TASK REQUIREMENTS: Output every record exactly and leave each picture out.

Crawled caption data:
Start of Block

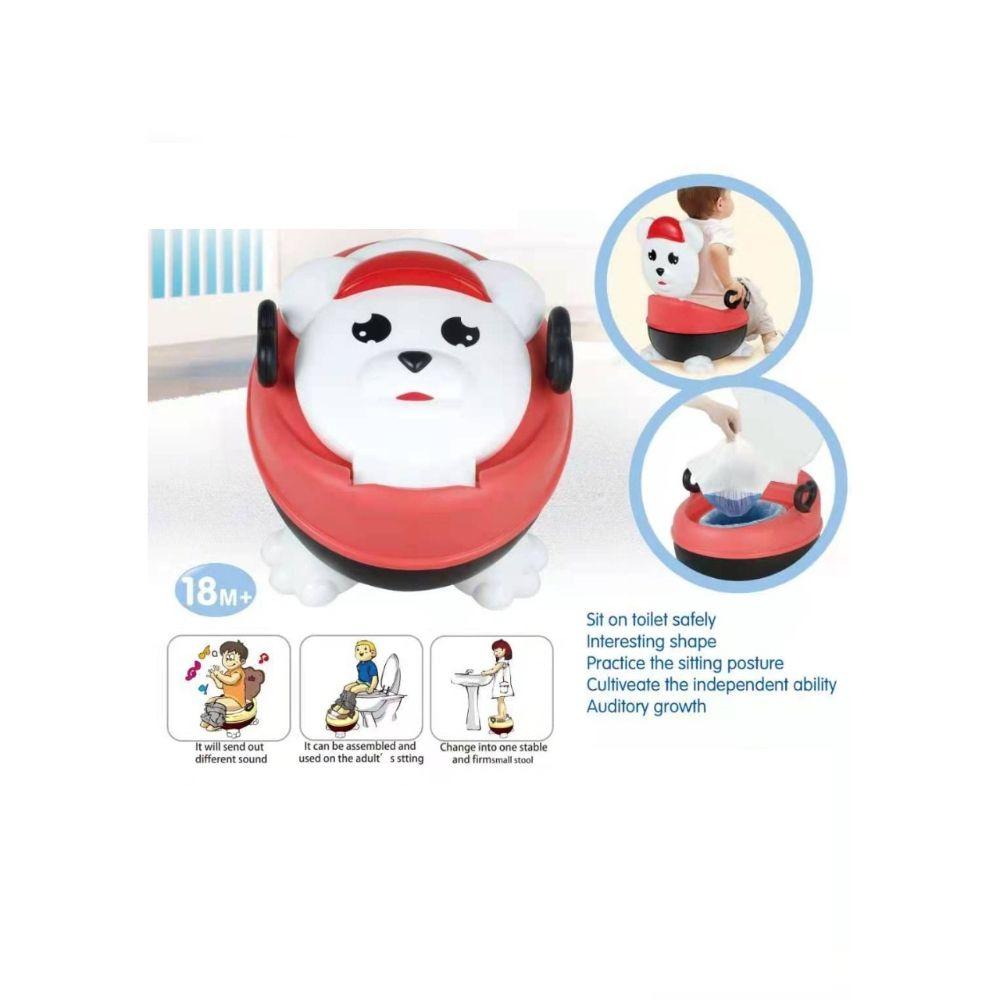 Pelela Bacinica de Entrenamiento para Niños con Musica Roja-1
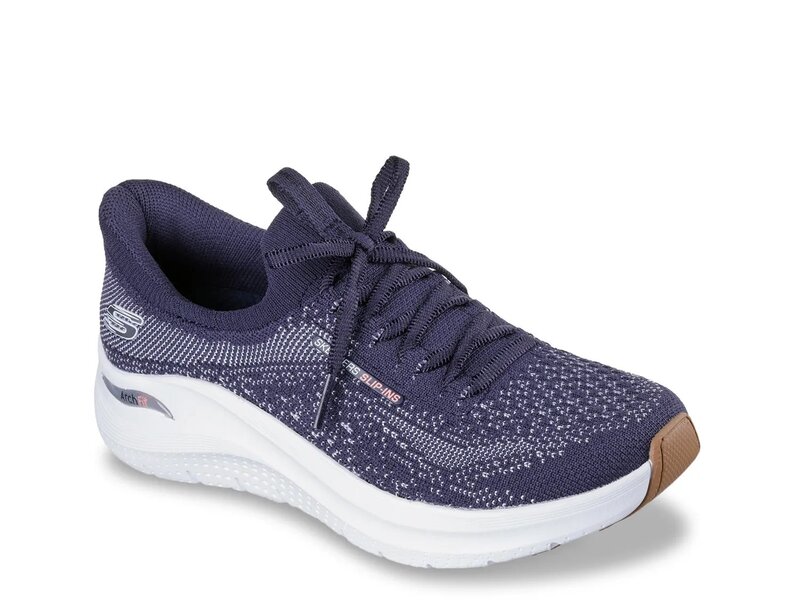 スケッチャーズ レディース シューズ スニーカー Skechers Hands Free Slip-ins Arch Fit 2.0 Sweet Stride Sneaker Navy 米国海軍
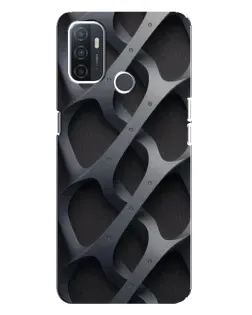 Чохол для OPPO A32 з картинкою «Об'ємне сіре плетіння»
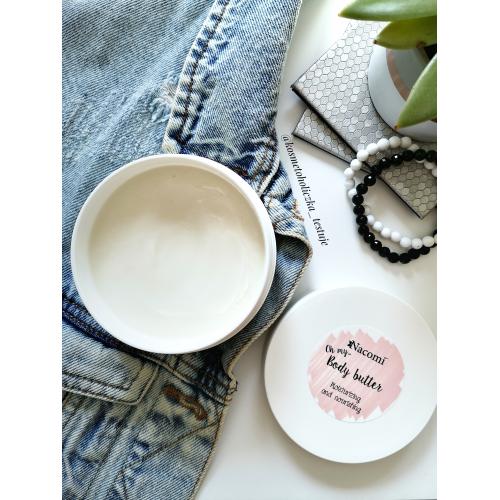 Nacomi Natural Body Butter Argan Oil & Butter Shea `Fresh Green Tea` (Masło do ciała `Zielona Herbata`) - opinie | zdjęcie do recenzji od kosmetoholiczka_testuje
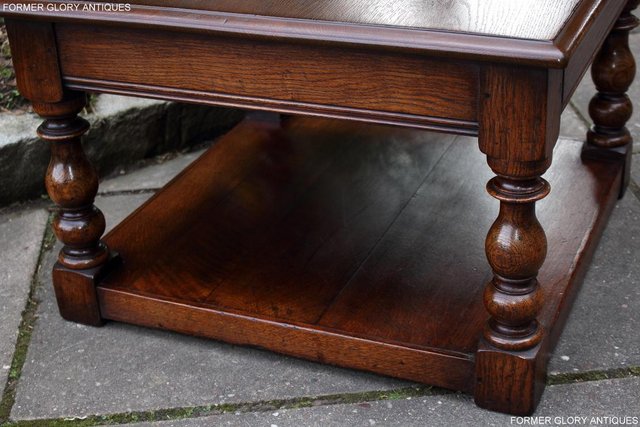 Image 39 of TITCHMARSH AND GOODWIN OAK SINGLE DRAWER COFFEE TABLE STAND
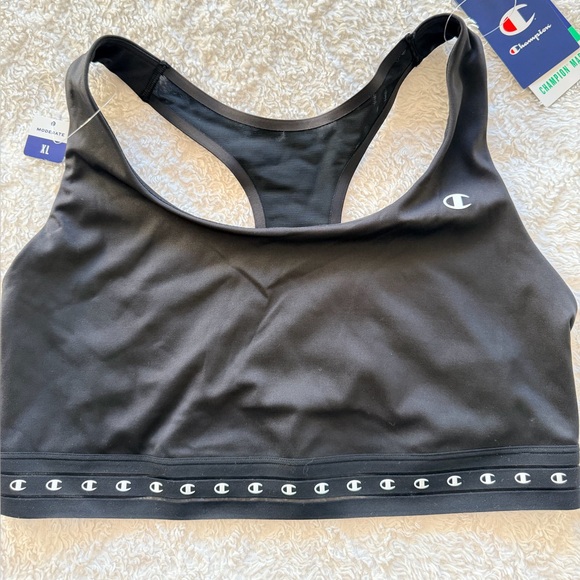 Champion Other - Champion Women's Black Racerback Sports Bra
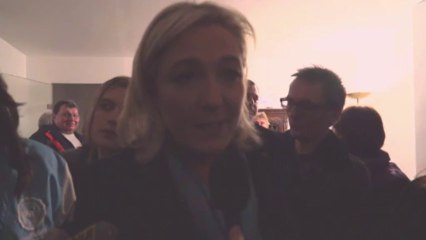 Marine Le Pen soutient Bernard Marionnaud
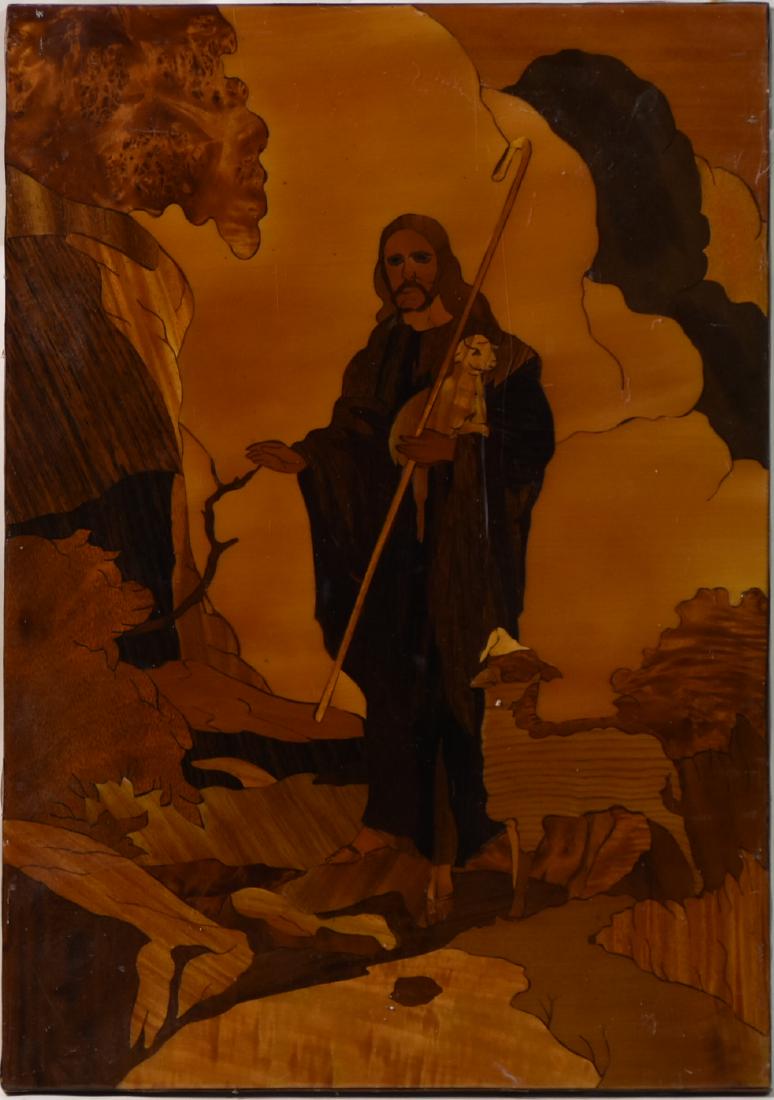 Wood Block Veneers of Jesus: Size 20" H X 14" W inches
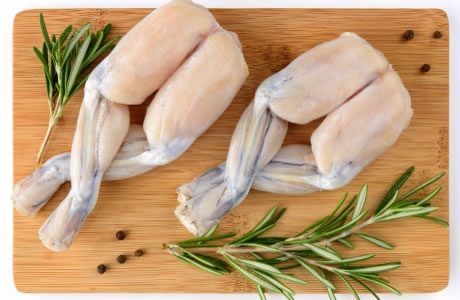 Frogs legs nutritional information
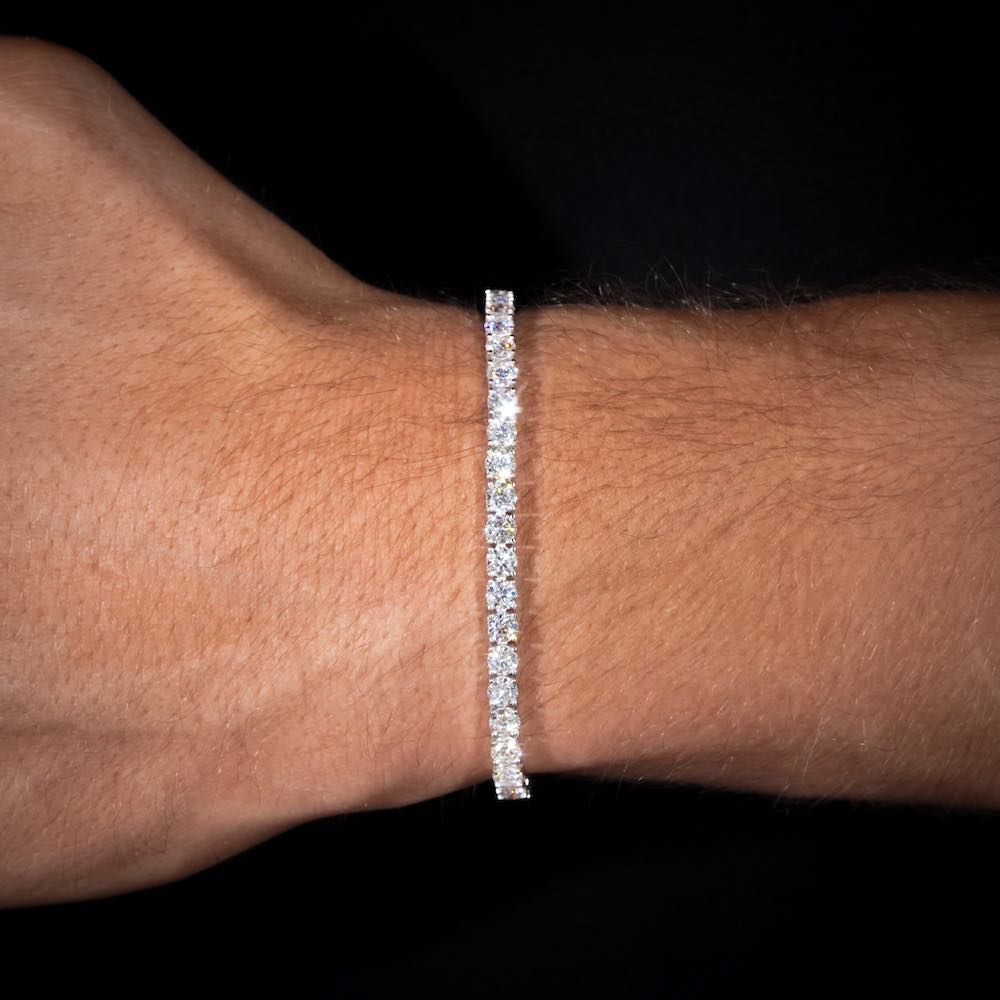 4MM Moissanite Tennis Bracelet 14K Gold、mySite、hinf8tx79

End of Block

PROBLEM SOLUTION:
 Pelela Bacinica de Entrenamiento para Niños con Musica Roja-1
 スケッチャーズ レディース シューズ スニーカー Skechers Hands Free Slip-ins Arch Fit 2.0 Sweet Stride Sneaker Navy 米国海軍
 Чохол для OPPO A32 з картинкою «Об'ємне сіре плетіння»
 Nacomi Natural Body Butter Argan Oil & Butter Shea `Fresh Green Tea` (Masło do ciała `Zielona Herbata`) - opinie | zdjęcie do recenzji od kosmetoholiczka_testuje
 Image 39 of TITCHMARSH AND GOODWIN OAK SINGLE DRAWER COFFEE TABLE STAND
 Champion Other - Champion Women's Black Racerback Sports Bra
 Marine Le Pen soutient Bernard Marionnaud
 Wood Block Veneers of Jesus: Size 20" H X 14" W inches
 Frogs legs nutritional information
 4MM Moissanite Tennis Bracelet 14K Gold、mySite、hinf8tx79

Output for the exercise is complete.